Pero a esas primeras horas de la mañana ya estábamos despiertos (solamente comparable a la noche de Reyes) y expectantes para ser, de nuevo, partícipes de la salida de los cabezudos. La adrenalina, a flor de piel, un cosquilleo de nervios y emoción...; y la mirada expectante en los aledaños de la iglesia, en el atrio o en los soportales conformaban un tapiz de ilusión, después de un año: el señor Pepe Gutiérrez (el Pregonero local) lanzaba un cohete; y luego otro y otro. Una atmósfera con olor a pólvora, tensión, emoción, disfrute, y varios calificativos más en el momento en que hacían su aparición los Gigantes y los Cabezudos. El «Bandolero», el «Payaso», el «Dragón», el «Cantinflas»...y por fin, ¡el «Lobo»! Y la plaza era un ostinato gritando ¡Fuera el Lobo, fuera el Lobo! Que formaba parte de aquella banda sonora de flauta y tamboril a lo largo de todo el recorrido. Aquellos sones, alboradas y perantones a cargo de un tamborilero de Montehermoso y, más tarde, de otro de Cantagallo (Salamanca) daban el aire perfecto a un acompañamiento acorde con el pasacalle. El sonido del tambor ponía en vilo a la chiquillada. Tres gigantes y dos cabezudos desfilaban durante tres días recorriendo, prácticamente, todas las rúas y barrios arroyanos. Era, además, usual hacer descansos en alguna que otra taberna de la época: bar Espino, bar Sinesio, bar Calero...Por cierto, a veces coincidíamos con un señor mayor, acordeonista de la Campiña de Valencia de Alcántara que nos deleitaba con sus jotas y pasodobles. ¡Quien me lo iba a decir a mí! Y al reanudar el recorrido, cohetes y más cohetes.
Todavía perdura en mi mente el recuerdo de mis primeros cabezudos, con mi padre, mi tío y otros amigos arroyanos (algunos hoy fallecidos), a mediado de los sesenta.

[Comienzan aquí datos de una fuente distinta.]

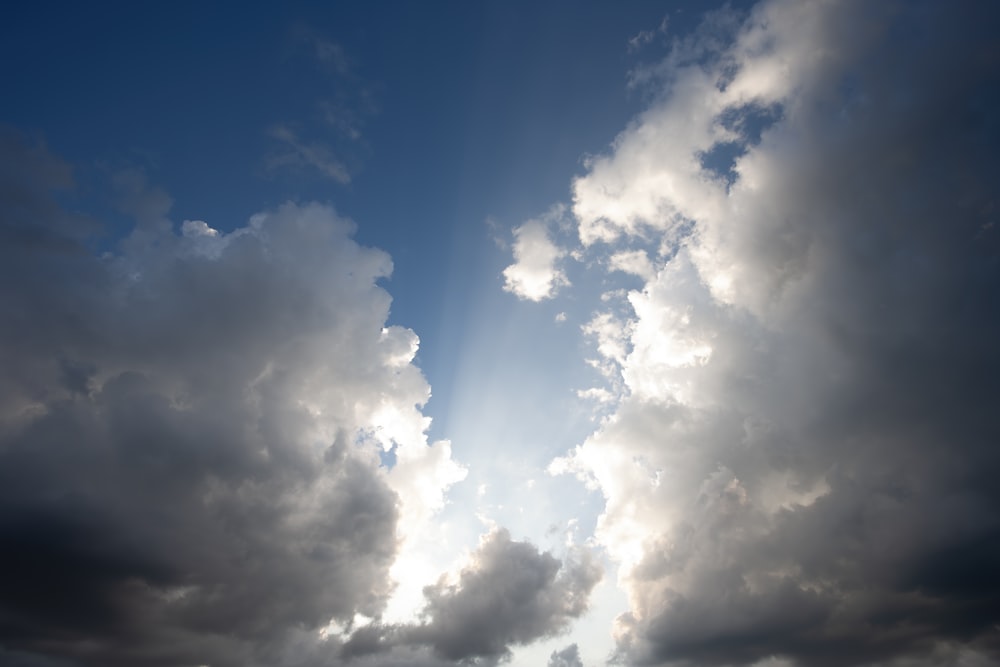 o sol brilha entre as nuvens no céu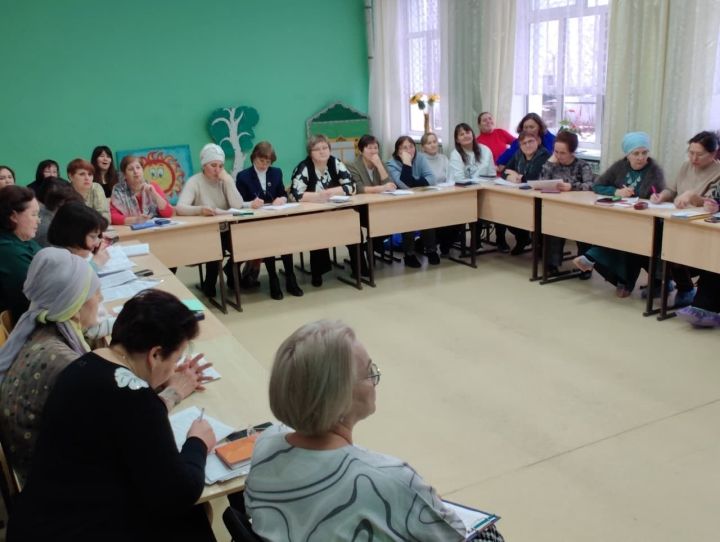 В городской школе №1 состоялся инновационный семинар для завучей района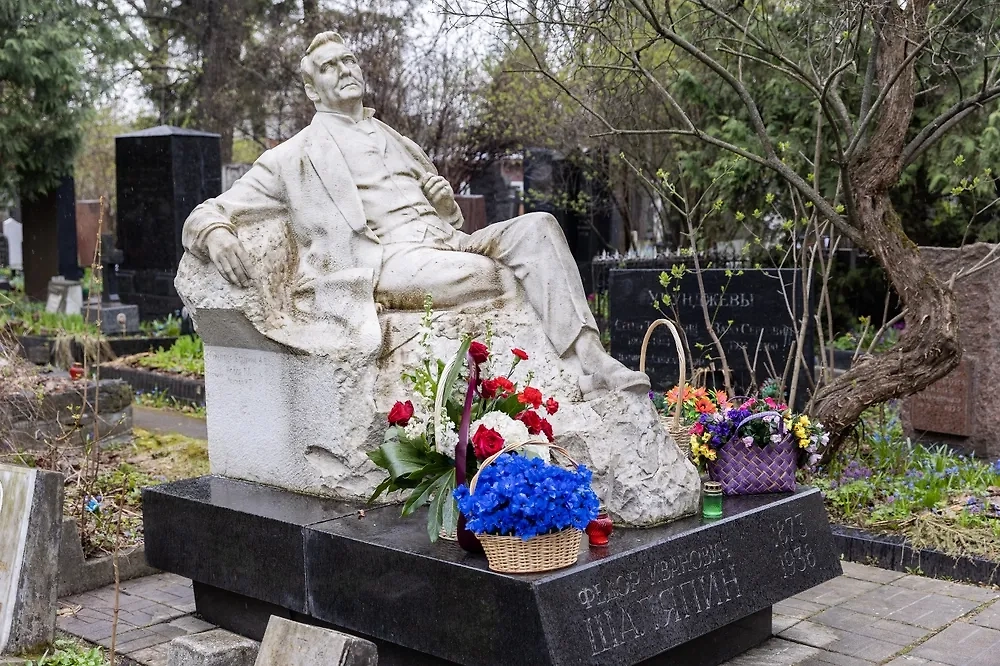 Новодевичье кладбище в Москве. Фото © Shutterstock / FOTODOM / Alexey Smyshlyaev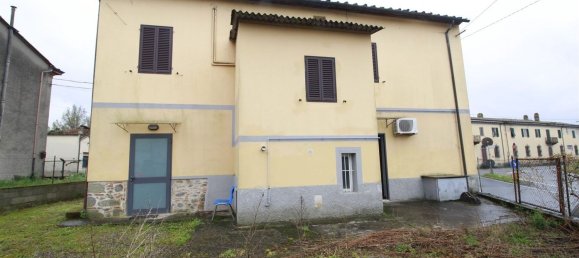 Oficina en Capannori, Italy 355 m² No. 178840 5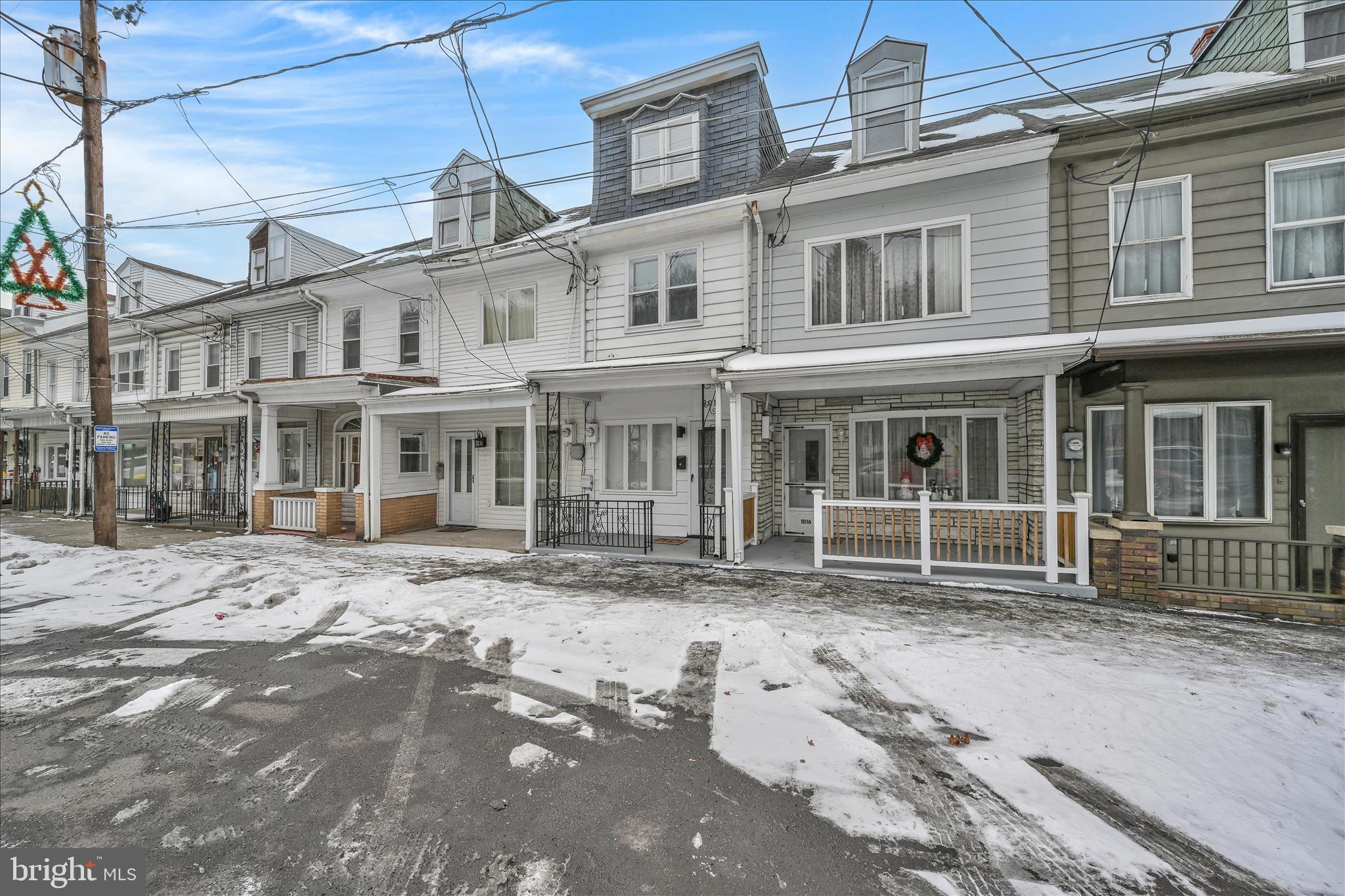 1018 E CENTRE STREET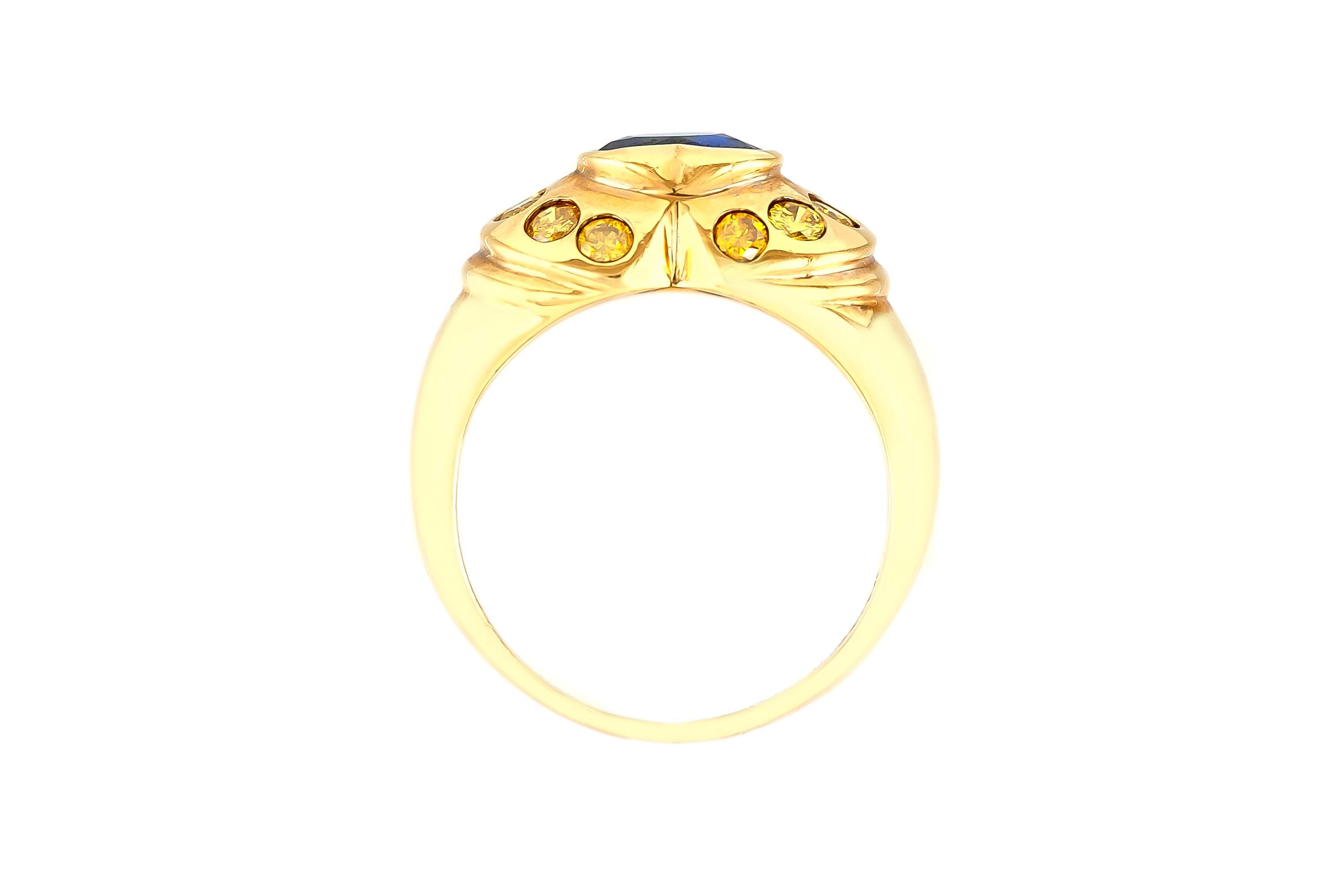 Der Ring ist fein in Handarbeit in 18k Gelbgold mit natürlichen gelben Diamanten mit einem Gesamtgewicht von etwa 0,50 und Saphir mit einem Gesamtgewicht von etwa 1,59 Karat.
Um 1980.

Miedos para unos, disfrute para otros con ese olor a pólvora en el ambiente, el rezongo del tamboril y las repetidas alusiones al Lobo, conformaban un paisaje singular en nuestra feria.
Y es que para todos, sobre todo los más pequeños, no se concebía la feria sin cabezudos. Eran parte de nuestro acervo local.
Años más tarde, siguiendo con la tradición familiar, vivimos la experiencia de hacer felices a los pequeños, bajo las armaduras de esos iconos. Fueron muchos los paisanos que cargaron con los gigantes y cabezudos tal y como evidencia el material fotográfico existente hasta los tiempos actuales. Pero, por encima de todo, queda el fruto de aquella ilusión en las manos de uno de los cargadores. Me refiero a Jesús Castaño (Cabezudalia) que ha sabido recoger- con singular maestría- la tradición y el «alma» de nuestra feria, plasmados en sus magníficos cabezudos, por un lado imitando a los de entonces (que por cierto se compraban en Aragón y en Valencia), y ampliando el catálogo, por el otro, con personajes y técnicas más modernas.
Hoy, los niños disfrutan de los cabezudos en varios momentos a lo largo del año. ¡Qué suerte! Mas por poner un «pero», que lo tiene, señalar que se echa de menos aquel acompañamiento con flauta y tamboril, aquellos pindongos, sones y perantones que imponían más al olor de la pólvora y se identificaban más con nuestras vivencias de infancia. Porque los cabezudos no eran un desfile de cabezas de fallas con banda musical, ni un pasacalle telonero de otro evento. Eran la esencia, el nerviosismo, la algarabía, el esconderse debajo de la cama.... En definitiva, el «Alma de la Feria».
A los que corresponda, ¡háganselo ver!